NVH is such an important part of new vehicle design that today’s auto manufacturers invest millions of dollars into engineering solutions to simulate NVH before moving a vehicle into production. Swedish auto manufacturer Volvo Car Corporation is no exception. Volvo Cars has made significant investments into both HPC (high-performance computing) hardware and CAE software to support its engineering teams’ quest to master NVH.
Volvo Cars’ Andrzej Pietrzyk, advanced engineering leader, Body and Vehicle NVH CAE, says his group uses several different products to focus on their core tasks of supporting new product development.
“In NVH CAE, the focus of MSC Software products is on body NVH, so the typical analyses are evaluating the dynamic stiffness, vibration transfer functions, noise transfer functions and acoustic transfer functions,” he says.
Volvo Cars has adopted several modules from MSC, including Nastran, 2013.1 and 2014.0, MSC Actran v14.1, v15.0, MSC Adams, and MSC Marc and other modules. Naturally, running all of those modules takes some serious computing power, explains Pietrzyk.
HPC for NVH
“Currently, we have a set of multi-node servers, typically using state-of-the-art processors, lots of memory and large advanced disk systems,” he says. “We run on 50 nodes, each equipped with double Intel Xeon E5 8-core CPUs, 256GB memory and 5TB fast disk systems.”
The goal at Volvo Cars is to be able to perform simulations as quickly as possible, allowing the engineers to delve deeper into the various vehicle designs to determine how changes impact NVH. With simulation processing time a major concern, Volvo Cars has sought out applications that can leverage HPC technology, leading to ongoing selection of MSC’s platforms and modules.
Pietrzyk says some typical solution sequences used by his group involve MSC Nastran ACMS, a product that can divide workloads across multiple domains using distributed memory parallel processing.
“For those applications, we can cut the solution time by a factor of 4-5 by running on several hosts simultaneously,” he says. “In applications involving the SOL 108 (a select solution sequence in Nastran) procedure, the scaling is linear, meaning that adding more hosts results in the corresponding reduction of the solution time. Running on 16 hosts instead of one leads to the solution time being cut by a factor of 16.”
While that proves to be an impressive gain, Pietrzyk explains that additional performance gains will be realized down the road, thanks to innovations in both HPC systems and CAE software solutions.
The Hardware-Software Gap
Yet, leveraging those additional possibilities remains a challenge. Hardware improvements seem to be outpacing software improvements.
“We are concerned with the growing gap between the development direction of the computing hardware and the algorithms used in the software,” Pietrzyk says. “On the hardware side, the development goes into offering massively parallel solutions, with literary hundreds of cores sharing memory, and unlimited possibilities to extend the number of nodes (distributed memory). On the software side, we do not see the corresponding development toward massively parallel processing. We see bottlenecks in the bandwidth of memory access for systems with many cores and in effective utilization of distributed memory solutions.”

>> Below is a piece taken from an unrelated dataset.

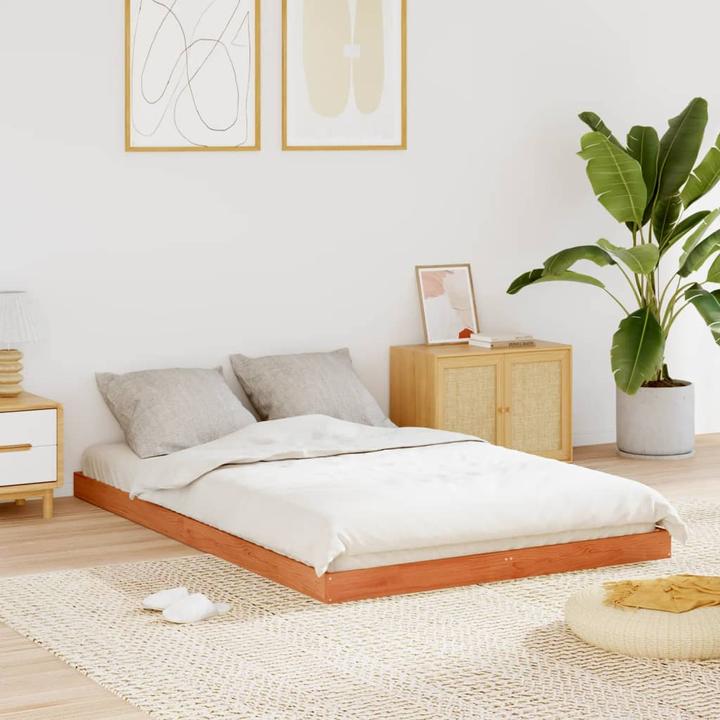 Image du produit vidaXL Lit (140 x 200 cm)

Pietrzyk currently uses 16-core machines, which he says are not being used efficiently, so moving to even higher numbers of cores becomes an issue. Some algorithms do not scale well over DMP (distributed memory parallel), or are limited in the number of DMP hosts that can be used by a single analysis, he says. For many using CAE, a viable alternative may be to use GP-based GPUs (GPGPUs) to speed up computations. However, Pietrzyk currently discounts that alternative for NVH CAE. “The use of GPGPUs for speeding up computations has been considered, but we haven’t seen much effect in our types of simulations yet,” he says.

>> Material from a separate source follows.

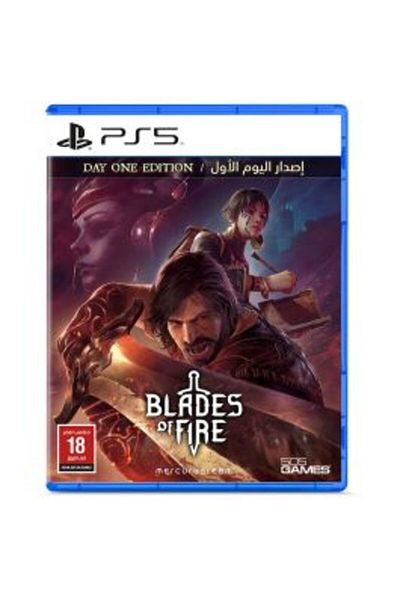 505Games Blades of Fire - إصدار اليوم الأول - PS5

Nevertheless, Volvo Cars has made some great strides applying HPC and MSC’s products to the NVH problem.
“The primary issue we use MSC products for at NVH CAE is the study of the vibro-acoustic response of the car body,” Pietrzyk says. “The aim is to provide suggestions to the design team on how to resolve the NVH issues. Those issues relate to structure-borne sound transmissions at relatively low frequencies, which could be caused by insufficient stiffness at some attachment points or too high levels of NTFs (noise transfer functions) or VTFs (vibration transfer functions) at some receiver positions.”
Pietrzyk says his team recently started looking at airborne issues and incorporating advanced acoustic models. They are working toward supporting the Audio group with simulations concerning the behavior of the loudspeakers when built in into the flexible body.
“Ultimately, our goal is to enable auralization, or the ability to listen to the sound in a yet non-existing car,” he says. “That requires looking at transfer functions from sources outside of the vehicle to the response points inside, as well as looking at exterior noise, both intentional (like different warning signals, e.g. signal horn, alarm siren) and unwanted, such as the pass-by noise.”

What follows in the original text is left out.